Leading industry experts, Arup, have published a report - Supporting UK growth and global market access: the case for high quality rail services to Gatwick Airport.
The report outlines a vision for ensuring that the UK’s busiest rail network and its second largest airport are properly integrated, supporting the UK’s future international connectivity and the needs of the commuter.
If Britain is to compete on a global stage it must have strong air links to the emerging markets.
The UK trades about twenty times as much with countries with daily (or better) direct flight connections as it does with countries with poor connectivity.
Gatwick currently operates at around 78 per cent capacity so is able to accommodate more flights and support the economic wellbeing of the UK.
Gatwick has already opened new routes to key trading partners, including direct routes to China, Hong Kong, South Korea & Vietnam.
Rail links however are critical to attracting new airlines: research shows that airlines rate surface access to an airport as one of the top three critical reasons for locating there.
Commenting on the report, Guy Stephenson, Gatwick Airport’s chief commercial officer, said: “Passengers’ journeys from plane to train to the heart of London from Gatwick are the fastest and most convenient of all London airports and airlines are choosing to operate from Gatwick because of our connectivity to London.
“However, the report shows that a passenger’s impressions of Gatwick’s rail links lag behind other London airports and the capabilities of the trains on the Gatwick Express rank below equivalents at Heathrow, Hong Kong, Kuala Lumpur and Stockholm airports.
“We have the capacity to handle more flights and strengthen our country’s trade links with emerging markets.
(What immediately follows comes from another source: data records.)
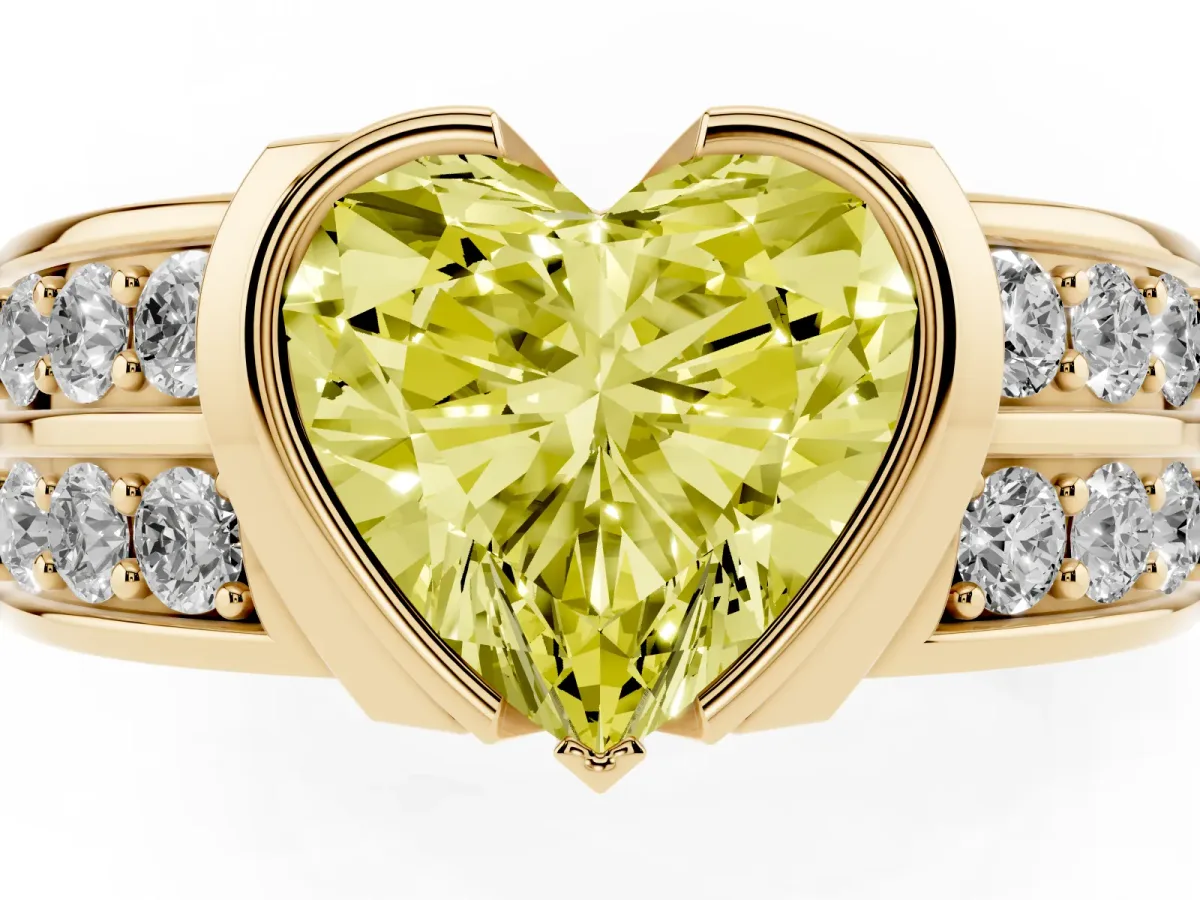 Fancy Yellow Heart Cut Brilliant Diamond Channel Set Wide Band Ring with Bezel Setting Yellow gold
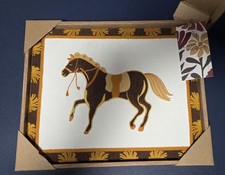 BP Home Woven Embroidered Textile Wall Art Horse Decor 14.25" x 11.75"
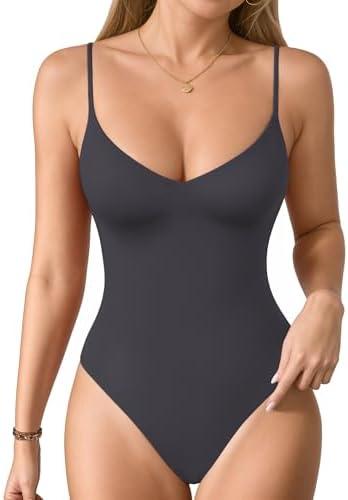 MANGOPOP Women's Cami Thong Bodysuit Double Lined Plunge Deep V Neck Backless Body Suit Adjustable Spaghetti Strap Tank Tops S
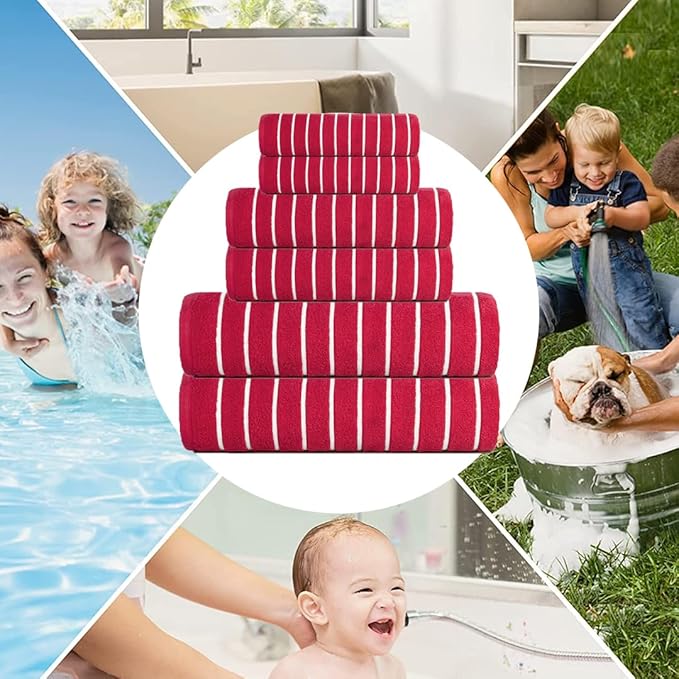 CASA COPENHAGEN Ecstatic 6 Pieces Towel Set- Pink, 600 GSM 2 Bath Towel 2 Hand Towel 2 Washcloth, Designed in Denmark Made of Soft Egyptian Cotton for Bathroom, Kitchen & Shower.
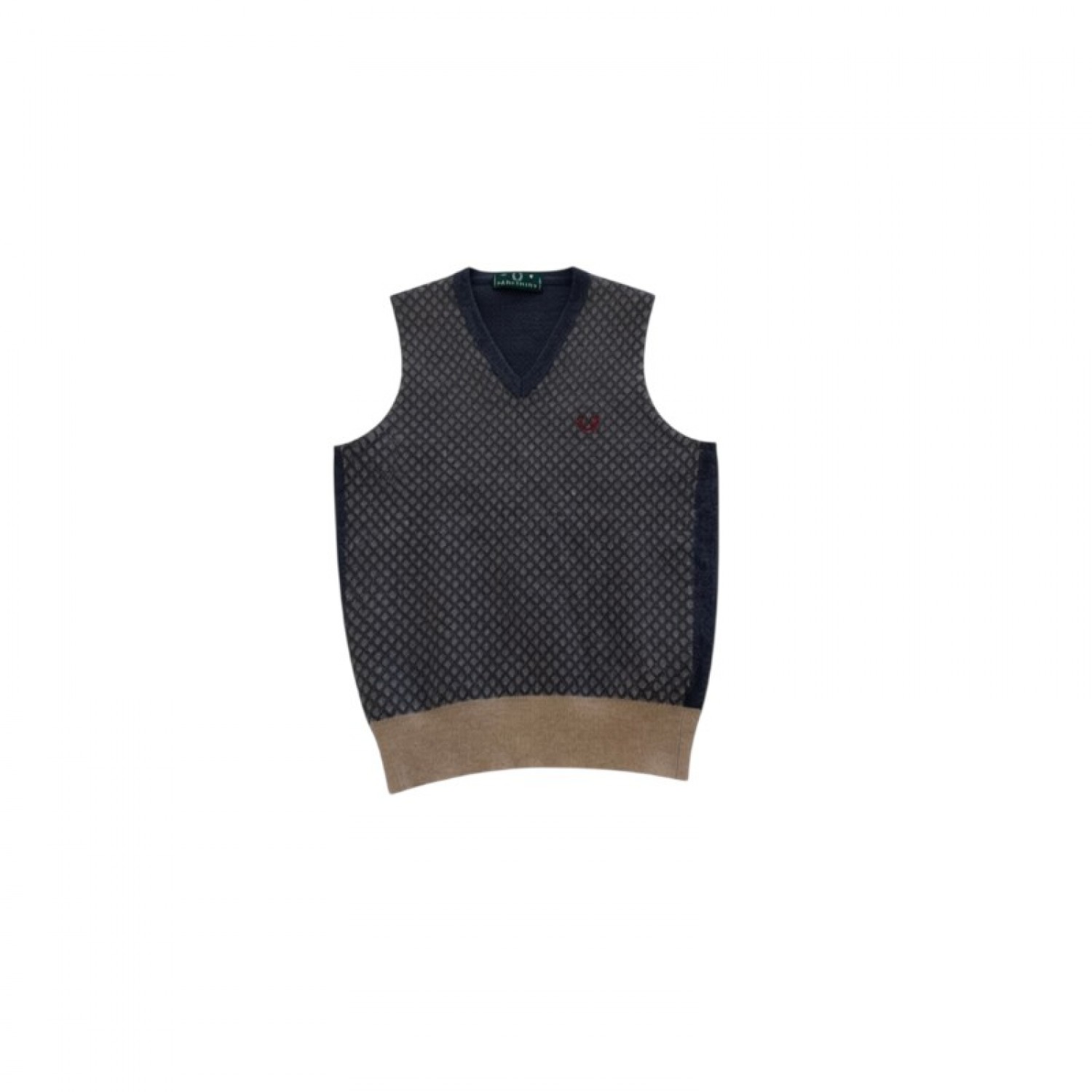 FRED PERRY M WOOL-BLEND PATTERNED V-NECK SWEATER VEST / Pre-Owned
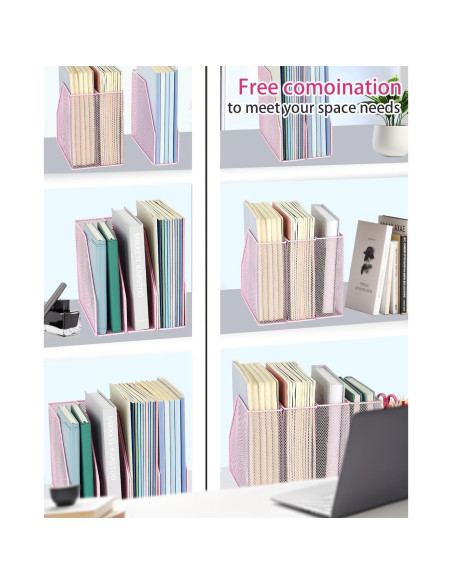 Organizador de Archivos AUPSEN Rosa - 4 Soportes para Escritorio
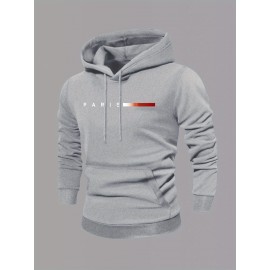 Men's Heavyweight Hoodie - Beige/Pink/Gray/ Options - Machine Washable Pullover Sweatshirt for Fall/Winter - Urban Streetwear Essentials - Casual Layering Clothing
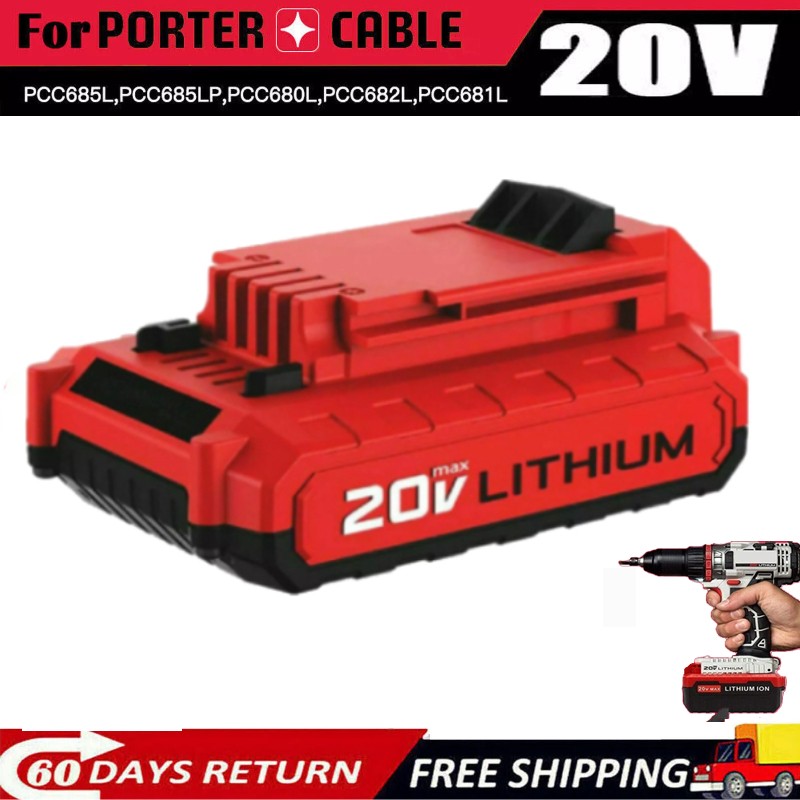 1-10PACK 20V 8.0Ah Lithium-ion Battery for Porter Cable MAX PCC685L PCC680L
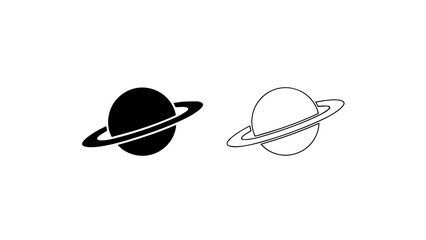 Minimalist Saturn Planet Icons Set © Galih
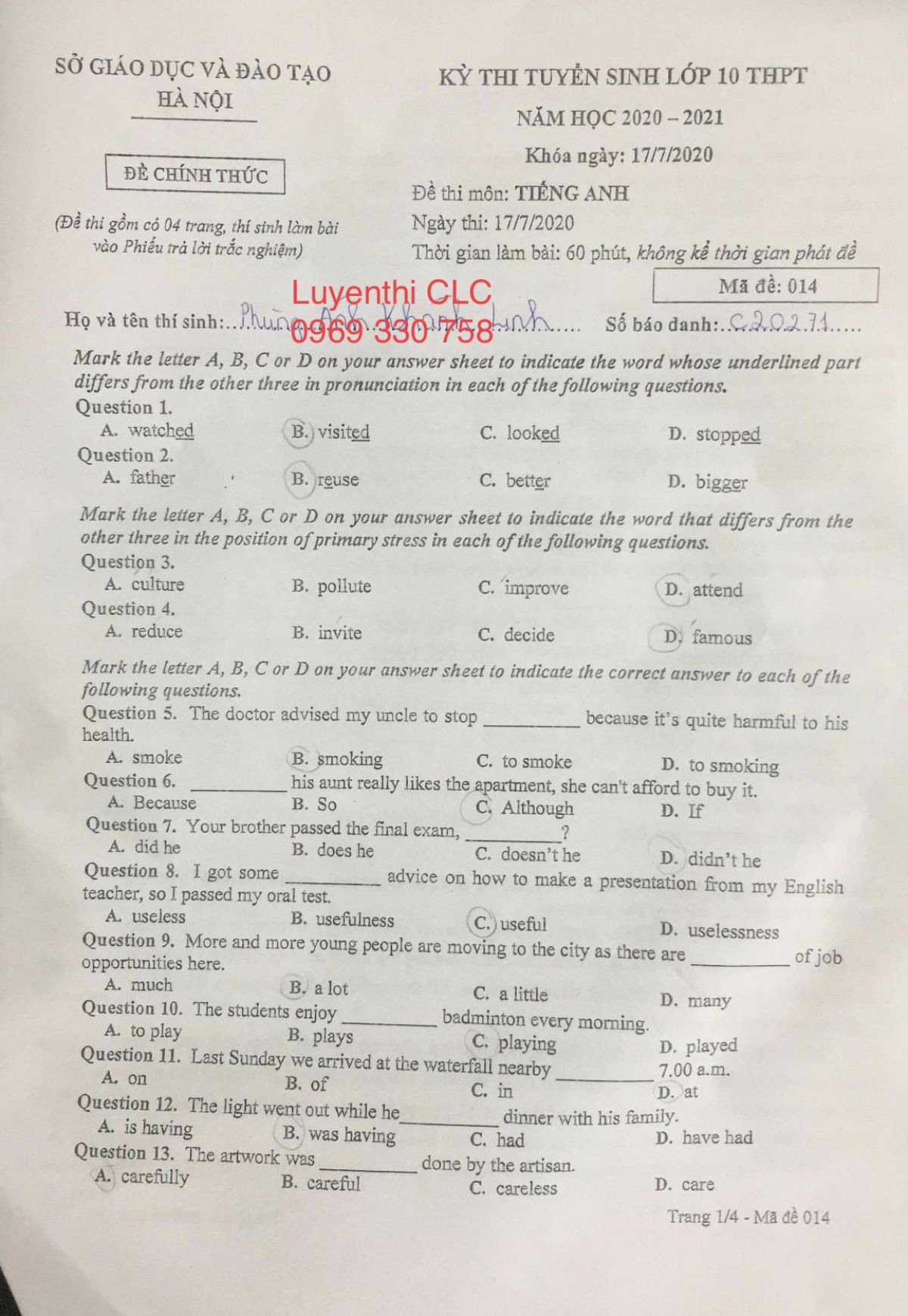 Đề thi m&ocirc;n Tiếng Anh (điều kiện) - tuyển sinh v&agrave;o lớp 10 THPT th&agrave;nh phố H&agrave; Nội năm 2020 (thi chiều ng&agrave;y 17/7/2020)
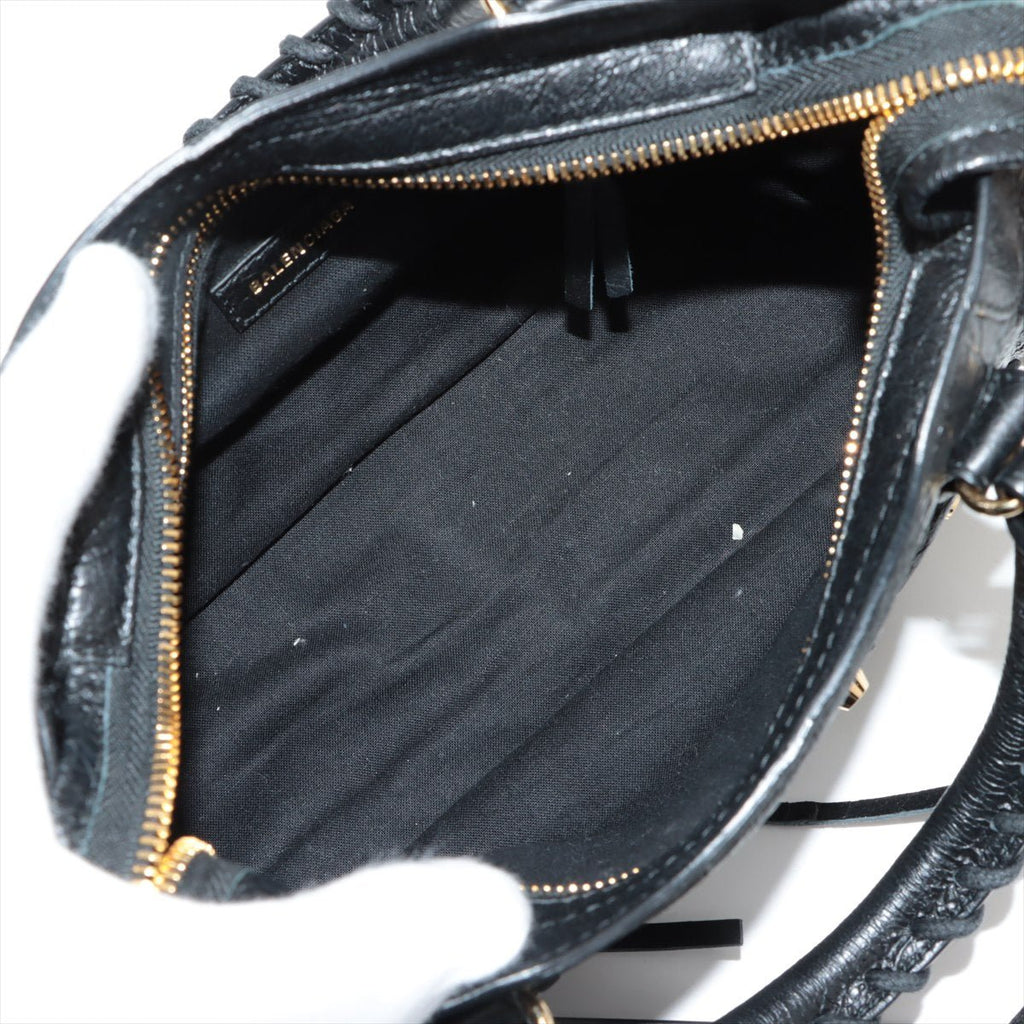 Second hand Balenciaga Classic City Mini Leather 2-Way Handbag Black - Tabita Bags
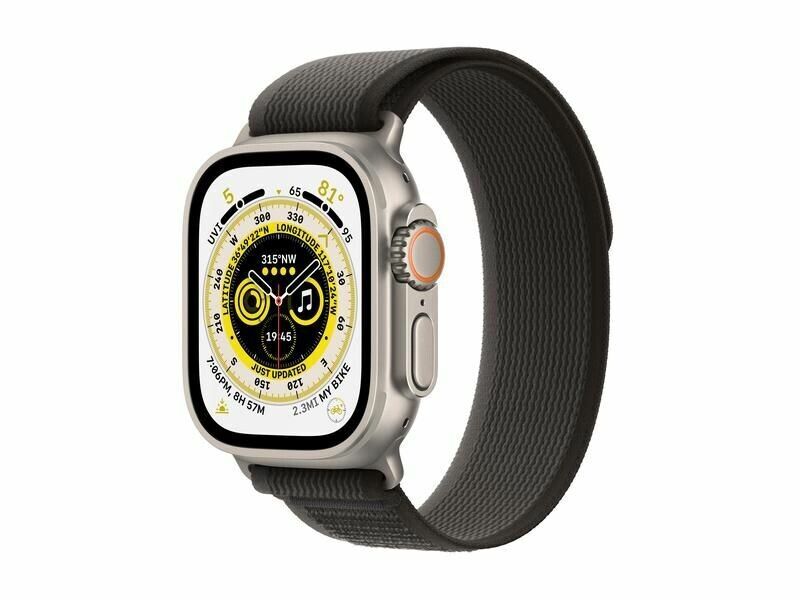 Apple Watch Ultra (2022) | 49 mm | GPS + Cellular | zilver | Trail Loop M/L zwart/grijs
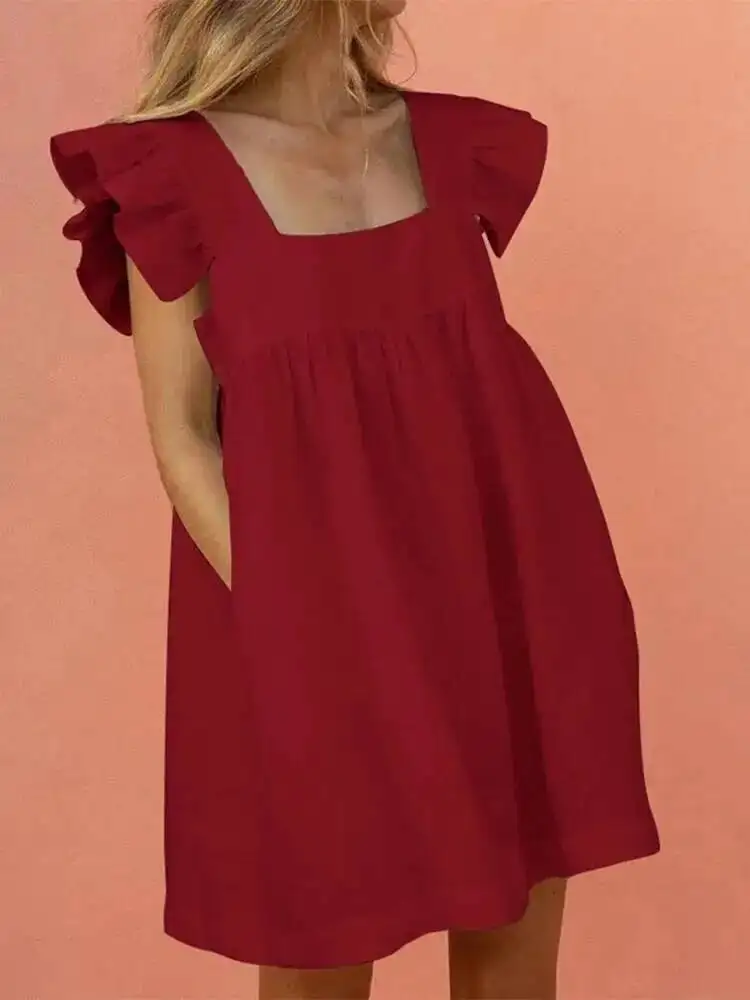 Minivestido con volantes para mujer, Vestidos bonitos con cuello cuadrado y bolsillos, Vestidos elegantes con manga de mariposa para fiesta en la playa, Vestidos femeninos ZU4Y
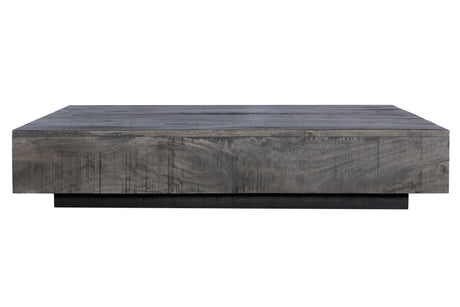 Charcoal Finish Solid Wood Low Profile Rough Coffee Table Home Elegance USA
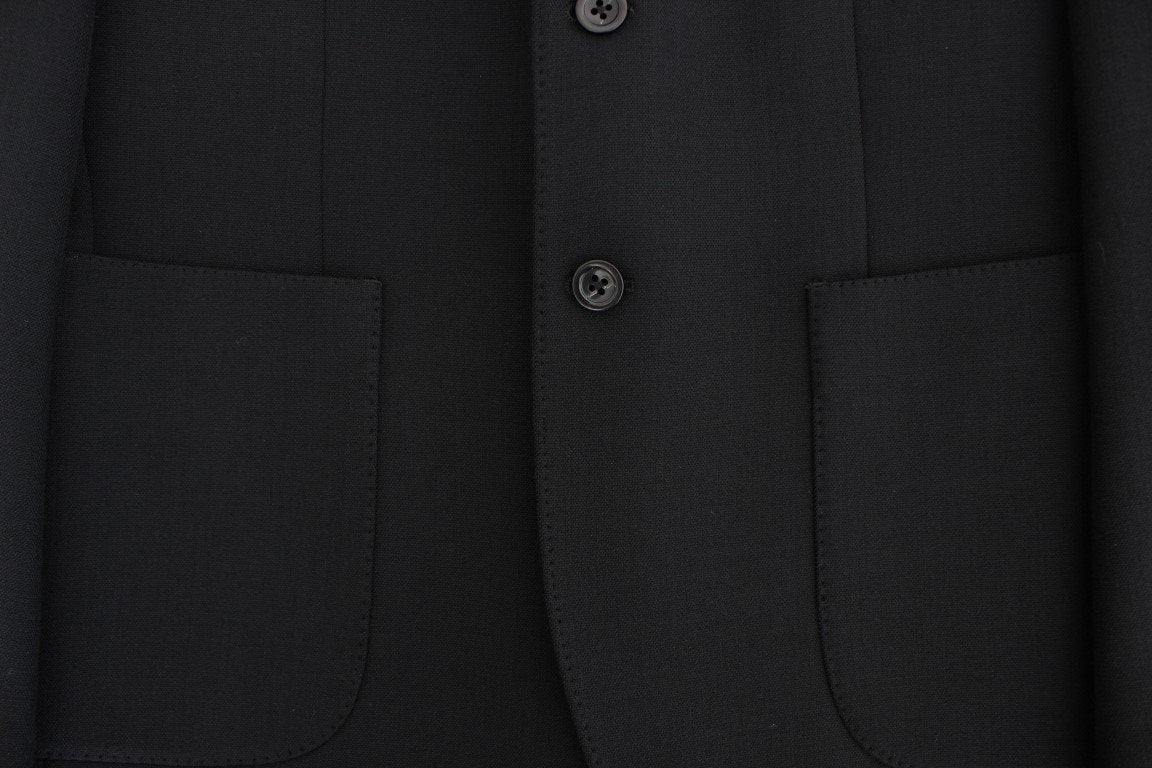 Black wool stretch two button blazer
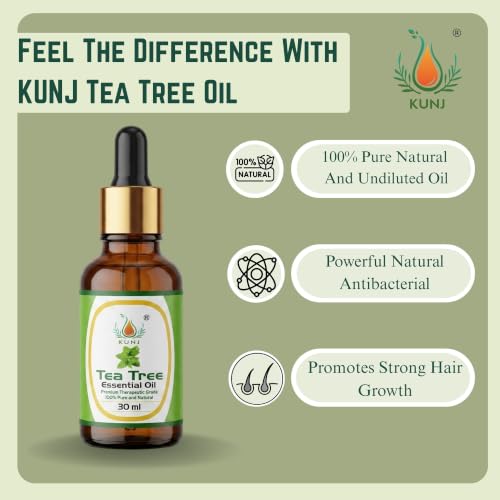 Image of KUNJ Tea Tree Essential Oil for Acne Care, Dandruff, Hair & Scalp Care 30ml | 100% Pure Steam Distilled Tea Tree Oil for Face, Nails, Diffuser & Aromatherapy | Natural Essential Oil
But if Gatwick is to continue attracting the new routes the economy needs, its rail links must improve in quality and extent.”
Enhancing the rail links is critical: the number of people travelling between Gatwick and London by rail could increase by 30 per cent in eight years and the number of non-air passengers travelling on the same services could grow by 29 per cent.
With limited capacity on rail networks in the South East, a clear balance must be struck between Government, the train operators and Network Rail around catering for the needs of both airport passengers and commuters.
A win-win solution is possible, and without this it will be difficult for Gatwick to grow to support the UK economy’s demand for international connectivity.
The report, prepared by Arup, proposes that any new proposed rail franchise should seek to cater for the needs of air passengers and commuters in the South East, and should require rail links to and from Gatwick to be improved.
In particular, any new operator must provide a direct, express rail link to London with new carriages and re-introduce an on-board ticketing service.